The University of Turku in Finland is taking innovative steps to preserve minor languages, including Estonian, in the post-ChatGPT era. They are in the process of developing a comprehensive artificial language corpus proficient in all European languages, emphasizing the need to digitize a substantial amount of Estonian texts for an operational language model. The Estonian Language Institute (EKI) supports this initiative but highlights the necessity for a more extensive collection of digitized Estonian texts.

Eleri Aedmaa, a natural language processing engineer at the Institute of the Estonian Language, emphasized the pivotal role of abundant text in training language models. She compared the revolutionary impact of English ChatGPT and stressed the need for an extensive Estonian text repository to achieve a similar feat for the Estonian language.

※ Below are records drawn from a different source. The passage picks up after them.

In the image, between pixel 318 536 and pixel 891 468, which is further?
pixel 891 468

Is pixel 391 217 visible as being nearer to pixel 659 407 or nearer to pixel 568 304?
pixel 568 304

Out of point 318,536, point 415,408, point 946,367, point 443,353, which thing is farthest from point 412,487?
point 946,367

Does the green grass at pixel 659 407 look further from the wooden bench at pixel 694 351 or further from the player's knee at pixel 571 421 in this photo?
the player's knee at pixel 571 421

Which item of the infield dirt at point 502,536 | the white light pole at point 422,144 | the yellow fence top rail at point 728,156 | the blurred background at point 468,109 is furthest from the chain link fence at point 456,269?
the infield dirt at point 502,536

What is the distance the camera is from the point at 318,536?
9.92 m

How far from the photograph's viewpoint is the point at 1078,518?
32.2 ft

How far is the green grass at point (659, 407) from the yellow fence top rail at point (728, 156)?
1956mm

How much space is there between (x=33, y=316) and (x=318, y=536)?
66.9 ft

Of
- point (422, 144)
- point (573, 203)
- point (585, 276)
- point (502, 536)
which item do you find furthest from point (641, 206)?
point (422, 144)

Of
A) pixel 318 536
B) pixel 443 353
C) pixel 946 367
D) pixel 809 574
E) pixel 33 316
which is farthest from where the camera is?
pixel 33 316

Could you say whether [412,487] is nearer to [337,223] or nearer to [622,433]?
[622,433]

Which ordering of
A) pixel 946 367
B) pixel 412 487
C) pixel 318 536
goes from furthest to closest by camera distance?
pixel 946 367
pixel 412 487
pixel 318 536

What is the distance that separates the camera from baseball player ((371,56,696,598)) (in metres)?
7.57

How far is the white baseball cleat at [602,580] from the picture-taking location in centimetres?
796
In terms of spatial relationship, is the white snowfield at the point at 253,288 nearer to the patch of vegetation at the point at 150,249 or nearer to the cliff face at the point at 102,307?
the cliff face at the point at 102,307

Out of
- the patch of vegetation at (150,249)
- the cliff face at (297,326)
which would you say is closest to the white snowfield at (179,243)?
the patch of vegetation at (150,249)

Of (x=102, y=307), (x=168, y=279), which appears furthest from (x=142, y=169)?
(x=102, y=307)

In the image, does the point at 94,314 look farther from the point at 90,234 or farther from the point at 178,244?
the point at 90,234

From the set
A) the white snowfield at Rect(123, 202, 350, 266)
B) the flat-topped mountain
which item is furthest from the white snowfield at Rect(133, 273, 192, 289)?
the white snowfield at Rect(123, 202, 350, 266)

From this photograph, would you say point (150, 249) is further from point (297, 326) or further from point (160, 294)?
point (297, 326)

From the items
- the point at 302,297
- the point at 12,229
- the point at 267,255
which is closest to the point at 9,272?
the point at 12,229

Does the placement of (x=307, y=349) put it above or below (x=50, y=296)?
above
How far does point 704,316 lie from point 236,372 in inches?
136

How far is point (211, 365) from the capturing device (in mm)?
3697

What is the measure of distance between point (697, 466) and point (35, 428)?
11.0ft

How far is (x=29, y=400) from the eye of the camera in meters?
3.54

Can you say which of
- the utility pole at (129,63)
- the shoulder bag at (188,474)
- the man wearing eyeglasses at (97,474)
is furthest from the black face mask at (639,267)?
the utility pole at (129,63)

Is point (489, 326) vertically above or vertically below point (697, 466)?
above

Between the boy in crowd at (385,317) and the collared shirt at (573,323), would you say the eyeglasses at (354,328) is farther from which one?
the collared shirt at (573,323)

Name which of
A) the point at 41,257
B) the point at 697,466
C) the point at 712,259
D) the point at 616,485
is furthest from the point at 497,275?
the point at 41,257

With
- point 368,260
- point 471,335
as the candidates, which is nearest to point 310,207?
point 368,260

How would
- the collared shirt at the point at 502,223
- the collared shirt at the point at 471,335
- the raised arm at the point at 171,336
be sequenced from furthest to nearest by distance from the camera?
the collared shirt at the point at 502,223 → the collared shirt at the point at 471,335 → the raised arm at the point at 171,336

The University of Turku, in collaboration with language technology company SiloGen, is at the forefront of creating the world's largest open language model. This model aims to encompass all official European languages and is hosted on the powerful pan-European supercomputer, LUMI, situated in Kajaani, Finland. This endeavor necessitates a rich collection of original digital Estonian texts to effectively train the language model in Estonian, as outlined by Aedmaa.

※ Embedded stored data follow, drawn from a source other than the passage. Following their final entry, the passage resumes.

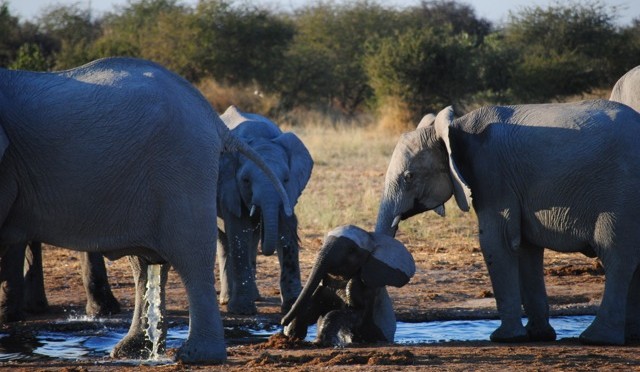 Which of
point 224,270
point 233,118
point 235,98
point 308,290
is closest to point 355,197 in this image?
point 233,118

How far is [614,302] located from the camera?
20.9 feet

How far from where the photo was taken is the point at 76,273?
968cm

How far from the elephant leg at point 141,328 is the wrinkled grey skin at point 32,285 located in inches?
56.0

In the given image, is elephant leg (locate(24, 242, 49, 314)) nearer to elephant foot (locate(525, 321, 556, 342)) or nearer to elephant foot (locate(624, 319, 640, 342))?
elephant foot (locate(525, 321, 556, 342))

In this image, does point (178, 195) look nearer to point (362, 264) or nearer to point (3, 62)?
point (362, 264)

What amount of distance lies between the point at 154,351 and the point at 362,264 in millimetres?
1241

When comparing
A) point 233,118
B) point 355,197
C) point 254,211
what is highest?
point 233,118

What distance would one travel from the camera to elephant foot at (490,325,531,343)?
6590 millimetres

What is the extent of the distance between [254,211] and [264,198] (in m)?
0.16

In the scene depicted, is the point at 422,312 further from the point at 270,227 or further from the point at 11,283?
the point at 11,283

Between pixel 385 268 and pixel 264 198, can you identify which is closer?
pixel 385 268

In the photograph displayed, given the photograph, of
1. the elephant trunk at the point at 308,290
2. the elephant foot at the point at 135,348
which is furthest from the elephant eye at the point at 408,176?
the elephant foot at the point at 135,348

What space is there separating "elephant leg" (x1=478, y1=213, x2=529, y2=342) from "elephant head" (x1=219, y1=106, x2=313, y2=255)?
4.59 ft

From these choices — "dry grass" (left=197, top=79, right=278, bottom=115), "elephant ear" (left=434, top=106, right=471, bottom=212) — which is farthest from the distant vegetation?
"elephant ear" (left=434, top=106, right=471, bottom=212) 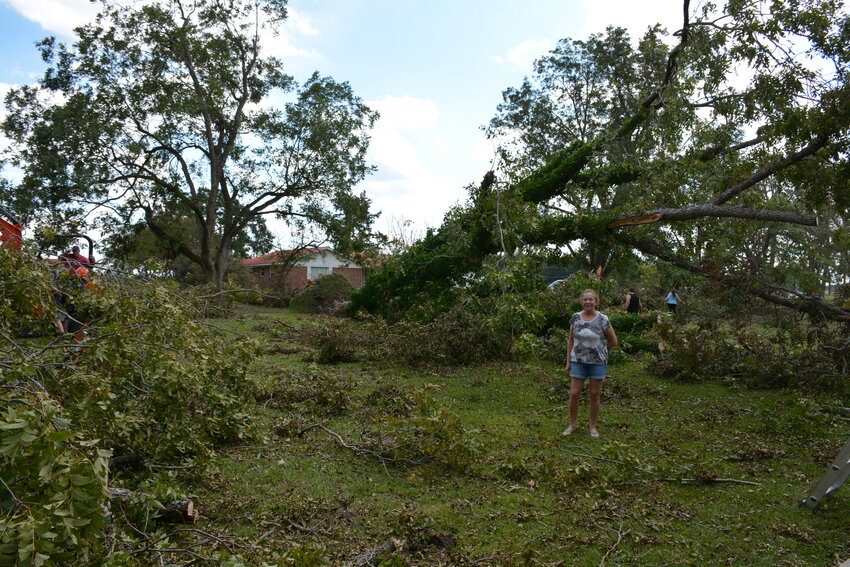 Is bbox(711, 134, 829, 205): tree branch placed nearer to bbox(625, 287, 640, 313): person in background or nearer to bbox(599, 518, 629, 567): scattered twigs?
bbox(599, 518, 629, 567): scattered twigs

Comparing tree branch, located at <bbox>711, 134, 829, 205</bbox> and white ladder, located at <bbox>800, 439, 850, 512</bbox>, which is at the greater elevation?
tree branch, located at <bbox>711, 134, 829, 205</bbox>

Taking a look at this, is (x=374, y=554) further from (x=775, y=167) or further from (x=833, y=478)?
(x=775, y=167)

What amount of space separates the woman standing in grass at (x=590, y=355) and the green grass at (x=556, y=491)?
29cm

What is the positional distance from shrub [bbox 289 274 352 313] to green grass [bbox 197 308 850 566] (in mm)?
16991

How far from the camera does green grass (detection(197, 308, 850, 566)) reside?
344 cm

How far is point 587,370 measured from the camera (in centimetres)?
595

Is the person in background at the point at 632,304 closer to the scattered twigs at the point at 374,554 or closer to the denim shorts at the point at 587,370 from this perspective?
the denim shorts at the point at 587,370

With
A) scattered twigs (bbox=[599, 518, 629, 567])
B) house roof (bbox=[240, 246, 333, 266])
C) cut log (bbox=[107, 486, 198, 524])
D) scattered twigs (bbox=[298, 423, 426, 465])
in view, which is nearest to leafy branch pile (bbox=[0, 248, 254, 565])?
cut log (bbox=[107, 486, 198, 524])

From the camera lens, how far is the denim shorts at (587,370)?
5855mm

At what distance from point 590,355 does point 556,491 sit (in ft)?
6.00

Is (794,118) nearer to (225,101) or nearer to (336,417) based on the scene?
(336,417)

Aedmaa further discussed the limitation of existing large language models, which predominantly think in English and translate into other languages, including Estonian. She expressed concerns about the potential threat to the Estonian language due to this dependency on English and emphasized the importance of linguistic and cultural knowledge embedded within language models.

In response to the prevalent English-centric training of language models, the Finns' project focuses on developing a GPT-like digital machine trained from the ground up on a diverse range of languages. Their objective is to ensure European linguistic sovereignty and democratize language technology by creating an open-source language model with transparent logic, accessible for the development of various language technology applications.

Business Finland and the EU Horizon program are supporting this Finnish project, demonstrating the collaborative effort to enhance language preservation and technological advancement. However, the challenge remains that there is a scarcity of available Estonian content to train a large language model effectively.

Kadri Vare, head of the EKI's language and speech technology department, emphasized the necessity of collaborating with the Finnish initiative and further contributing by digitizing and sharing data. The EKI is in the process of compiling a substantial Estonian language corpus to address the shortage of Estonian content for large language models, aiming to contribute significantly to the preservation of the Estonian language and culture.